Work order
Read the records below and copy each line that contains "Used".

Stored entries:
------

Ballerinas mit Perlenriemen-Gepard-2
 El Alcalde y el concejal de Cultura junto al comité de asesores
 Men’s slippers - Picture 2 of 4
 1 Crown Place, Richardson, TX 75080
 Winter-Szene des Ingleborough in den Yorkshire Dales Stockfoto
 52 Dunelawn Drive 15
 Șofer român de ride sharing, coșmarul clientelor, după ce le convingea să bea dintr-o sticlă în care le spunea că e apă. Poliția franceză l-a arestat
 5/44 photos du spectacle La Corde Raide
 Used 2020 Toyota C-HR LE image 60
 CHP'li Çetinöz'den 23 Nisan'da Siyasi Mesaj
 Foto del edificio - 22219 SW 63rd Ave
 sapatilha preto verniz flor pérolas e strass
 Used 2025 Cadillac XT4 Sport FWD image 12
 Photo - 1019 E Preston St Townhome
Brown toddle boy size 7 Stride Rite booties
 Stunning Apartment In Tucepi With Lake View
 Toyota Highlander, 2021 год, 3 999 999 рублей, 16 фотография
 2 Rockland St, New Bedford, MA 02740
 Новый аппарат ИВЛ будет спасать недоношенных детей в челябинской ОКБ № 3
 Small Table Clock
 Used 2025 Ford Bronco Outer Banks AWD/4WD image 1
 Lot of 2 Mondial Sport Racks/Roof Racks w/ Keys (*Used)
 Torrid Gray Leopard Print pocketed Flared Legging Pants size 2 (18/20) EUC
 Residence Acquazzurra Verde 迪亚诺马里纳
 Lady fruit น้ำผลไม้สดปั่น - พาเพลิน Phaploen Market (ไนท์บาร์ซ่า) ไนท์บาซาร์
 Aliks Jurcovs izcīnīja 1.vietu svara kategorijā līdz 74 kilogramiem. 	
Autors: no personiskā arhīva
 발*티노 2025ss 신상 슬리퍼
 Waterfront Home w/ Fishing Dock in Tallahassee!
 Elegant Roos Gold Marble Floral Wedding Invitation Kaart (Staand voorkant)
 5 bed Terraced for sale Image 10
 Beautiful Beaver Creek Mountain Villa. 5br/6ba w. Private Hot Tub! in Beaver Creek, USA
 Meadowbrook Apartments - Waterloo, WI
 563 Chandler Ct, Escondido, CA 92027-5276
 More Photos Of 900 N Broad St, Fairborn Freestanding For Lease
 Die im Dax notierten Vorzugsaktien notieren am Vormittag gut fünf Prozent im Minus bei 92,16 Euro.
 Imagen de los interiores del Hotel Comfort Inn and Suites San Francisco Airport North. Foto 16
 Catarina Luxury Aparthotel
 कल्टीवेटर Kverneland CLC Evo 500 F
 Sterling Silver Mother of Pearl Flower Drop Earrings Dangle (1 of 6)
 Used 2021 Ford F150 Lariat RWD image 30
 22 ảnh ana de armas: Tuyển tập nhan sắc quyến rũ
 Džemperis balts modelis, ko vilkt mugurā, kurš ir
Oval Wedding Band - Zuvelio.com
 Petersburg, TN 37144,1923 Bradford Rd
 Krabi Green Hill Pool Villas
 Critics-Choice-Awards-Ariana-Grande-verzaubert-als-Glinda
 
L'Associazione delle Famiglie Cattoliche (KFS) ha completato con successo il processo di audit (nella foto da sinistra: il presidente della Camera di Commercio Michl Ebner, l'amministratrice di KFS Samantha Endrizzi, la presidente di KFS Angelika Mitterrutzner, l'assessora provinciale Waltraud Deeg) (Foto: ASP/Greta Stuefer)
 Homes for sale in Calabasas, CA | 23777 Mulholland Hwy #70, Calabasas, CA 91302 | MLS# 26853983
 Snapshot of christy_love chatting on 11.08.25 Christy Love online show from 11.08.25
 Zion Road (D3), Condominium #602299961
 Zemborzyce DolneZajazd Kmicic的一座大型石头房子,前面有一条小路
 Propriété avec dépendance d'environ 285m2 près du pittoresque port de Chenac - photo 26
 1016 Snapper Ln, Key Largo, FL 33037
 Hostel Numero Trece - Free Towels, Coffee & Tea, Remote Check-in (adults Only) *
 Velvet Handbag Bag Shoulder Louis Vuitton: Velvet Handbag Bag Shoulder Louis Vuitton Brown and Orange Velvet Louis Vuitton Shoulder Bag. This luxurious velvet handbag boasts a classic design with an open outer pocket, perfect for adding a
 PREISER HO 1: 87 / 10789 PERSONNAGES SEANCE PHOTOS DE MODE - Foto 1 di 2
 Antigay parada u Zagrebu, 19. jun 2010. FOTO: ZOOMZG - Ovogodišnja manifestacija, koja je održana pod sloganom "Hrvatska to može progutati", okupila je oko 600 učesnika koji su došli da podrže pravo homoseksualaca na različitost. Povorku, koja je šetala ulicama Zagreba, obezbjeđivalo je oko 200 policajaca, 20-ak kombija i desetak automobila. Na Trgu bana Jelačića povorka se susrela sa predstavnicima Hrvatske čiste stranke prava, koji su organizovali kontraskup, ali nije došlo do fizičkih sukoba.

------

Result of this task
 Used 2020 Toyota C-HR LE image 60
 Used 2025 Cadillac XT4 Sport FWD image 12
 Used 2025 Ford Bronco Outer Banks AWD/4WD image 1
 Lot of 2 Mondial Sport Racks/Roof Racks w/ Keys (*Used)
 Used 2021 Ford F150 Lariat RWD image 30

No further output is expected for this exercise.